In the 1960s, as one of the first geological surveyors of New China, we were secretly selected to join a certain geological engineering team.
With a confidential order, we set out without knowing the purpose, the location, or the reason, arriving at a primitive border jungle whose location could not be confirmed. After enduring anxiety and even facing what we thought was certain death, we watched a top-secret "Film Zero" intended only for the highest central authorities. The images on the screen were suffocating—the information returned by seismic waves, restored on film, clearly showed that embedded in the earth’s crust 1,200 meters underground was a Japanese heavy bomber!
Was this a conspiracy or a supernatural force? With doubts and confusion, we summoned immense courage to enter the strata, but this exploration ended with an indescribable outcome. We were stranded in a sunless base, experiencing all sorts of extraordinary events, and finally, we boarded a plane to once again enter that vast void...
Everything was more bizarre than the worst we could have imagined.
Desperate Exploration
Preface
Before writing all this down, I thought for a long time, because many things cannot be explained in just a few words. Some things, even now, I still don’t know what really happened. Many things do not fit the worldview of that time and should not have been passed down to later generations.
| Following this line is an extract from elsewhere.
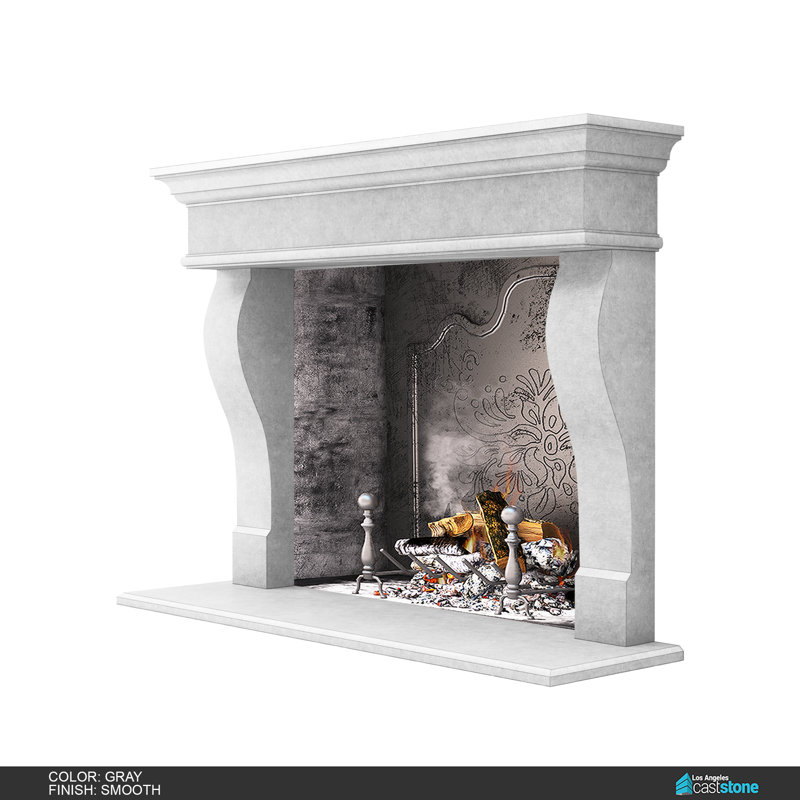 Lina Fireplace Surround, Smooth Gray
The reason I finally decided to record this is because I feel that if I don’t speak of such things, it would truly be a regret, and even an irresponsibility to certain people, or even to history itself.
I am a retired geological surveyor, formerly part of the PLA Geological Survey Engineering Company. In those crazy red years, we were both lucky and unlucky to be outside the storm of the "Great Revolution," traveling through China’s mountains and rivers in search of the treasures buried deep underground. In over twenty years of exploration, we crossed 80% of China’s uninhabited regions, endured extreme monotony and hardship, and also encountered many incredible and shocking events. You will never find these things in any official records. They are all facts that "should not exist," sealed away forever.
Some of these things I experienced myself, some I heard from older comrades. Many of us have kept our promises from those years and never made these things public. I cannot present them in the form of reportage, so please remember, what you are reading is just a novel.
1. The 723 Project of Those Years
My geological exploration career lasted twenty years, during which I experienced hundreds of life-threatening situations. But in my early memories, the most deadly thing was not the raging torrents, but the indescribable monotony. For a long time, just seeing the endless mountains and jungles would make me feel suffocated. Thinking that I would have to travel through them for another ten years, the pain was something only those who have experienced it can truly understand.
But that feeling disappeared without a trace after the incident in 1962. Because after that, I realized that within these monotonous mountains, many mysterious things are hidden—some of which you could never understand, no matter how hard you try to imagine. I also came to understand that the words of awe spoken by the older generation of explorers about the mountains were not just alarmist talk.
The cause of the 1962 incident is probably known to many veteran explorers. If young readers have parents who worked in exploration, you can ask them. At that time, there was a very famous geological project called the Inner Mongolia 723 Project. It was the general name for the exploration teams searching for coal mines in the mountains of Inner Mongolia. Three exploration teams entered the primeval forests of Inner Mongolia one after another to conduct block-style surveys. Two months after the work began, the 723 Project was suddenly halted. At the same time, the project headquarters began borrowing technical personnel from other exploration teams. For a while, almost all the top technical experts from various teams were screened—some filling out forms, some transferring files—but no one knew who ultimately collected those forms and files.
In the end, a group of technical experts was indeed selected and seconded to the 723 Geological Engineering Team.